Many online retailers are utilizing the U.S. supply line for the country in the wake of explosive growth for specific products. And they are even diversifying their dependency on supply from foreign countries.
Many eCommerce chains are also proactively communicating their hygiene protocols to ensure full responsibility from their side. The online sales for flu-related products have spiked.
Some suggest that consumers will likely turn entirely to Amazon and other e-retailers & skip retail stores altogether.
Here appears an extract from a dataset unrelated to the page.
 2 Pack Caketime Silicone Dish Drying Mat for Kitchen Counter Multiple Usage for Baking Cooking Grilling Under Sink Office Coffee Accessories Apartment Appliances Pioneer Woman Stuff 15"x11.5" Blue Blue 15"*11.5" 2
However, sellers on Amazon's marketplace are struggling to bring goods into the US. Some consumers even witnessed a 50% spike in surgical masks on Amazon when Coronavirus arrived in the US.
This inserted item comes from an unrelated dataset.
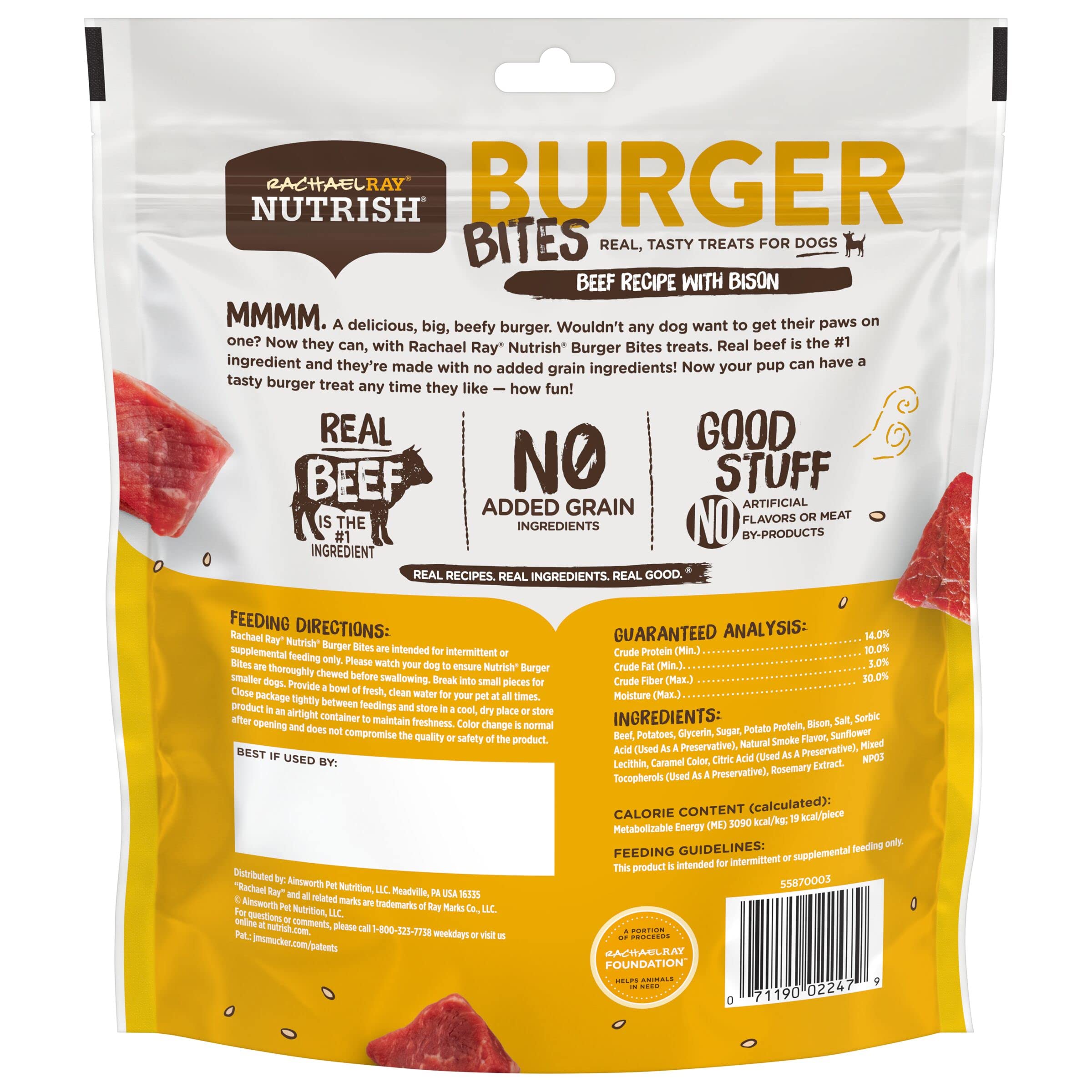 Rachael Ray Nutrish Burger Bites Beef and Bison Soft and Chewy Dog Treats - 12 Oz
eCommerce retailers are showing a tremendous amount of confusion, mixed outlook & uncertainty.
Some expect eCommerce sales to jump somewhat or significantly because of the virus. However, the majority anticipate their eCommerce sales to decline.
If demand remains somewhat high in the coming months, eCommerce stores could end up with low inventory or delayed supply chains.
For brands that bear this burden, it's crucial to have transparent communications & return policy adjustments to preserve customer confidence.
Right now, the situation is still grim, with most countries in lockdown & no respite in sight. The footfall to retail stores will plummet even further. Rebuilding consumer trust & restoring traffic to brick & mortar outlets will be a concern. Health & safety will become a critical issue when stores reopen.
For now, COVID-19 has created supply chain & demand uncertainty. In the worst-case scenario, the supply chain issues, product shortages & fluctuating consumer demand could further diminish eCommerce growth – as the economy falters or goes into recession.
eCommerce is bound to face several negative impacts from the outbreak. Merchants that rely on 3rd parties to source their goods will have trouble procuring goods; from factories that have shut down. Also, it becomes harder to change your sourcing tactics within a matter of weeks.For now, it is unclear how much of an impact will be felt across all sectors. But for the foreseeable future, consumer fears, especially around poultry items, will be high. As such, addressing & mitigating this will be the top concern for most brands.